Latent Laplace Diffusion Model for Irregular Time Series Forecasting
A new generative framework named Latent Laplace Diffusion (LLapDiff) has been introduced by researchers for forecasting irregular multivariate time series over extended horizons. This approach represents the target as a low-dimensional latent trajectory, facilitating generation across the entire horizon without the need for incremental integration. The reverse process employs a stable modal parameterization derived from stochastic port-Hamiltonian dynamics, with mean evolution defined through learnable complex-conjugate poles in the Laplace domain for direct assessment at irregular timestamps. A renewal-averaging analysis connects continuous dynamics with irregular observations, associating sampling gaps with effective event-domain poles and inspiring a gap-aware history summarizer. This method tackles the challenges posed by discrete techniques that alter temporal structure and continuous-time models that may drift.

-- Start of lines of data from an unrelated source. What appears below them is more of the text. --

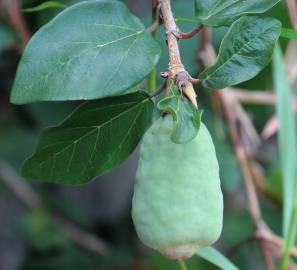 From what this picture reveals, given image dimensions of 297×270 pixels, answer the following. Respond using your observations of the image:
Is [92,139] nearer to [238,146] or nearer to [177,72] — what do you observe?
[177,72]

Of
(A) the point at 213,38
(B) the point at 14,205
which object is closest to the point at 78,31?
(A) the point at 213,38

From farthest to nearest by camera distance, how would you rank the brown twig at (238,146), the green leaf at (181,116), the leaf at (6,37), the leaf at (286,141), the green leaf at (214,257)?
the leaf at (6,37) < the brown twig at (238,146) < the leaf at (286,141) < the green leaf at (214,257) < the green leaf at (181,116)

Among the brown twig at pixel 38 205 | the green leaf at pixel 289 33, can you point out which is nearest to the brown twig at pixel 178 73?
the green leaf at pixel 289 33

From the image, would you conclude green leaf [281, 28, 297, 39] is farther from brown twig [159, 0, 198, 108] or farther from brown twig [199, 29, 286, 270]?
brown twig [199, 29, 286, 270]

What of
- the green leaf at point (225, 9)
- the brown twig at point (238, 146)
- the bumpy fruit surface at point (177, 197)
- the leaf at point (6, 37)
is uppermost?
the green leaf at point (225, 9)

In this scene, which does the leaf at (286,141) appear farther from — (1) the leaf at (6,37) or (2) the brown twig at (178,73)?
(1) the leaf at (6,37)

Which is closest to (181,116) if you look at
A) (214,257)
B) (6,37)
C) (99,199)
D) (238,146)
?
(214,257)

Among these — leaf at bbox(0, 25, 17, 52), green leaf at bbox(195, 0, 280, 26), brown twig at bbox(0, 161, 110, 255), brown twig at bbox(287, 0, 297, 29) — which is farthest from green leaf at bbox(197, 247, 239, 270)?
brown twig at bbox(0, 161, 110, 255) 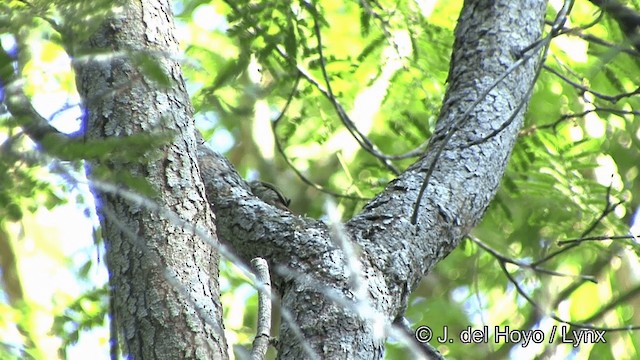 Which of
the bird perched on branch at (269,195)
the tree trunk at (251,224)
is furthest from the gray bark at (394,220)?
the bird perched on branch at (269,195)

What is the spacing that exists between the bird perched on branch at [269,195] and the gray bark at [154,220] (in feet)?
1.68

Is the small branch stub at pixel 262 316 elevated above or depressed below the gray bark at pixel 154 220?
below

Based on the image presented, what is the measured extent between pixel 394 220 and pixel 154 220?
568 millimetres

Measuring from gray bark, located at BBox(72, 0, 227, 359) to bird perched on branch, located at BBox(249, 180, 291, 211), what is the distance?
0.51m

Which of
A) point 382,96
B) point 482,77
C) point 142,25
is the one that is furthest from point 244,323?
point 142,25

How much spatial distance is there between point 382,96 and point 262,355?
7.02ft

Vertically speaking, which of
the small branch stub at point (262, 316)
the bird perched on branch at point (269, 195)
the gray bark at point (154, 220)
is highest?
the bird perched on branch at point (269, 195)

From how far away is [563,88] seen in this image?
128 inches

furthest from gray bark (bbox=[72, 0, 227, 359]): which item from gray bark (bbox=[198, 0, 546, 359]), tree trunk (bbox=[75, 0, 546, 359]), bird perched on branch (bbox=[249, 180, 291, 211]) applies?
bird perched on branch (bbox=[249, 180, 291, 211])

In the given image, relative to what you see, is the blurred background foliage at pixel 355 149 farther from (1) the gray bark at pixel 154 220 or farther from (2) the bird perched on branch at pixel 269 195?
(2) the bird perched on branch at pixel 269 195

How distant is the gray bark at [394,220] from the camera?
5.34 ft

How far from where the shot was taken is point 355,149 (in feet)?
13.8

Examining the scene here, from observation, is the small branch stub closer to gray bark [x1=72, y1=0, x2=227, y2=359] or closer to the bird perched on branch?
gray bark [x1=72, y1=0, x2=227, y2=359]

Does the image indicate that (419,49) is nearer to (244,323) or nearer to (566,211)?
(566,211) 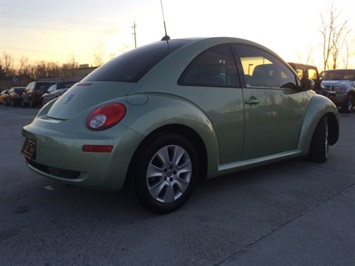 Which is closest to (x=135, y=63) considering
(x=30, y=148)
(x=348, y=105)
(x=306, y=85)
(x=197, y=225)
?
(x=30, y=148)

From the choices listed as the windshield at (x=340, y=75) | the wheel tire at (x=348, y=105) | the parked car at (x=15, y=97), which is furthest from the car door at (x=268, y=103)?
the parked car at (x=15, y=97)

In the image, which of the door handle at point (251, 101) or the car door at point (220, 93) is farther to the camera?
the door handle at point (251, 101)

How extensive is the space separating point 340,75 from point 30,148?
564 inches

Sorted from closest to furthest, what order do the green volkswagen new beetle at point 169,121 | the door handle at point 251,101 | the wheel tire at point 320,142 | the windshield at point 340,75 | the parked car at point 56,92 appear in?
the green volkswagen new beetle at point 169,121
the door handle at point 251,101
the wheel tire at point 320,142
the windshield at point 340,75
the parked car at point 56,92

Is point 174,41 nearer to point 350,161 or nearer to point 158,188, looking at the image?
point 158,188

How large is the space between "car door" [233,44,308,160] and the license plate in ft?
7.00

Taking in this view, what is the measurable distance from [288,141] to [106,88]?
7.79ft

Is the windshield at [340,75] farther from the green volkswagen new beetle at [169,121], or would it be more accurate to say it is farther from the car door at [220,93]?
the car door at [220,93]

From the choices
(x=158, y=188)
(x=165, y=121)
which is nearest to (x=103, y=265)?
(x=158, y=188)

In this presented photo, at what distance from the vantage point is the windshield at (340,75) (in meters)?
14.9

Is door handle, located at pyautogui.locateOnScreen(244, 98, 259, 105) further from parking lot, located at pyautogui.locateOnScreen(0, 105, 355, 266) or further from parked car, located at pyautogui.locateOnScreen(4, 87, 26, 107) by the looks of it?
parked car, located at pyautogui.locateOnScreen(4, 87, 26, 107)

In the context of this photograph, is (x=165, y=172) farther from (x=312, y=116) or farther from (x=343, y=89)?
(x=343, y=89)

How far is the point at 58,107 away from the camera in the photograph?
12.0 ft

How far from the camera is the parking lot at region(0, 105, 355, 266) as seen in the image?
264 centimetres
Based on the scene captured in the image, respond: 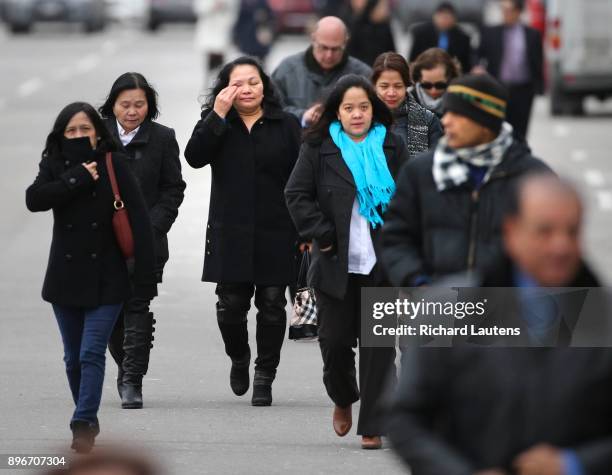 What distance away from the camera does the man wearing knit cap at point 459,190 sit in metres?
5.71

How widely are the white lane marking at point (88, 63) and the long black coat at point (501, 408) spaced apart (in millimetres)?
31165

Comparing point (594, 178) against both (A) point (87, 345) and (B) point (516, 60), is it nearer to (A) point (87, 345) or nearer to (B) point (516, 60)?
(B) point (516, 60)

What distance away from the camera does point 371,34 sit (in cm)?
1642

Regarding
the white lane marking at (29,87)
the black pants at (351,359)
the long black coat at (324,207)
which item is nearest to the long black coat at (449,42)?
the long black coat at (324,207)

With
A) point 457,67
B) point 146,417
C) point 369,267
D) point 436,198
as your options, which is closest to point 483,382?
point 436,198

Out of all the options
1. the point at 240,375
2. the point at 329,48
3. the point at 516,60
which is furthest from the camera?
the point at 516,60

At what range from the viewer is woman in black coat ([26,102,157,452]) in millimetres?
7613

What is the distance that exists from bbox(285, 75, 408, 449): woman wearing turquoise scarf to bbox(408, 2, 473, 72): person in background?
796cm

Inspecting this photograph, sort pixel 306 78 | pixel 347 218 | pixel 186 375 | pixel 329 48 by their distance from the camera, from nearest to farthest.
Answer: pixel 347 218
pixel 186 375
pixel 329 48
pixel 306 78

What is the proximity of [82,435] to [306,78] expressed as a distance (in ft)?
15.1

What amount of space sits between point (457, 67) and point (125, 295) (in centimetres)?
363

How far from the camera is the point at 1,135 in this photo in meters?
23.9

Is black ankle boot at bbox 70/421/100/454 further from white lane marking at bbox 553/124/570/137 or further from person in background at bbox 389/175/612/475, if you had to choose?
white lane marking at bbox 553/124/570/137

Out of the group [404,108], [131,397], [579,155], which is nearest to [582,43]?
[579,155] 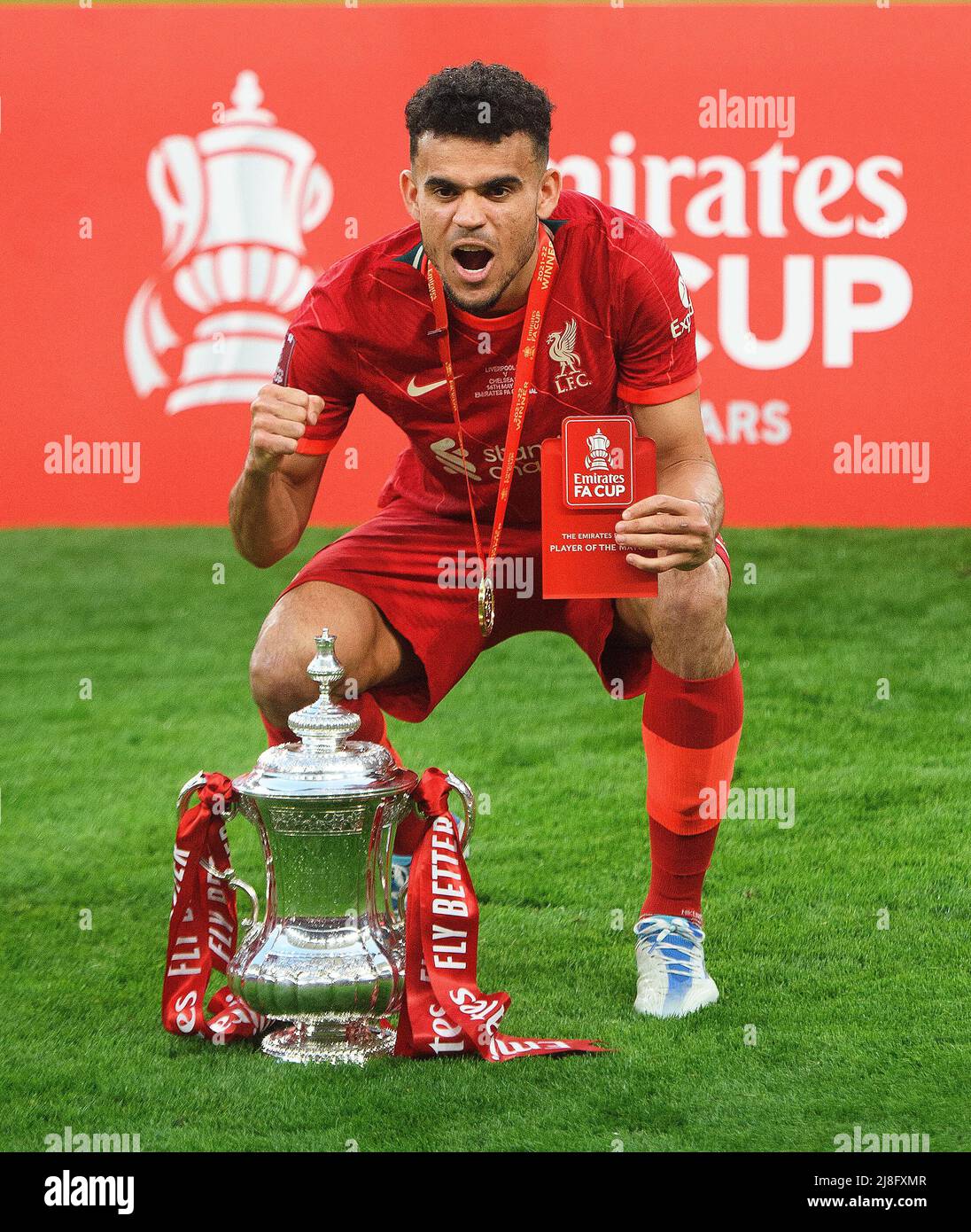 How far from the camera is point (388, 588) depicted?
2504 millimetres

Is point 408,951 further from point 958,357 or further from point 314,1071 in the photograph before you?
point 958,357

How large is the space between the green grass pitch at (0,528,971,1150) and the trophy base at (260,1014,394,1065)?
0.16 feet

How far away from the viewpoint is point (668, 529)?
2.05m

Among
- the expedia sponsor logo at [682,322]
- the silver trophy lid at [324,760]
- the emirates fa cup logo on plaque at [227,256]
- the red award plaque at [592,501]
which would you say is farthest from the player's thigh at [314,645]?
the emirates fa cup logo on plaque at [227,256]

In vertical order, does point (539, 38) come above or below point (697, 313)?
above

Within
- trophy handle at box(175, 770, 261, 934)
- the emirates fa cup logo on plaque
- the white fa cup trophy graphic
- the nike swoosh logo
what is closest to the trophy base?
trophy handle at box(175, 770, 261, 934)

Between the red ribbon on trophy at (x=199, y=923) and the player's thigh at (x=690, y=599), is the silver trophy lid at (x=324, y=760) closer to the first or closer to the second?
the red ribbon on trophy at (x=199, y=923)

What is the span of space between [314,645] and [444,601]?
0.95 feet

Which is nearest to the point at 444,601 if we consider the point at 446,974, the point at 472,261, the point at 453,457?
the point at 453,457

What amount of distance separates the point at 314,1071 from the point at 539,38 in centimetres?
430

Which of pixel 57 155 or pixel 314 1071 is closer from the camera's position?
pixel 314 1071

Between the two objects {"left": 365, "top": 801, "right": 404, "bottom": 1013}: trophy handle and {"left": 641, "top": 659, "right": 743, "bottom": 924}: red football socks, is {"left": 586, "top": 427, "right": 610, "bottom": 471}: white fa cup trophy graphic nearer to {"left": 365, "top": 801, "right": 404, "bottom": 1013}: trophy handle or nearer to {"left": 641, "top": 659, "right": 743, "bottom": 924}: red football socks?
{"left": 641, "top": 659, "right": 743, "bottom": 924}: red football socks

The research can be found on arXiv under ID 2605.19805.
Key facts
- LLapDiff is a generative framework for irregular multivariate time series forecasting.
- It models the target as a low-dimensional latent trajectory.
- The reverse process uses stochastic port-Hamiltonian dynamics.
- Mean evolution is parameterized via learnable complex-conjugate poles in the Laplace domain.
- Renewal-averaging analysis maps sampling gaps to effective event-domain poles.
- The method avoids step-by-step integration over physical time.
- It bridges the gap between discrete and continuous-time models.
- The paper is on arXiv with ID 2605.19805.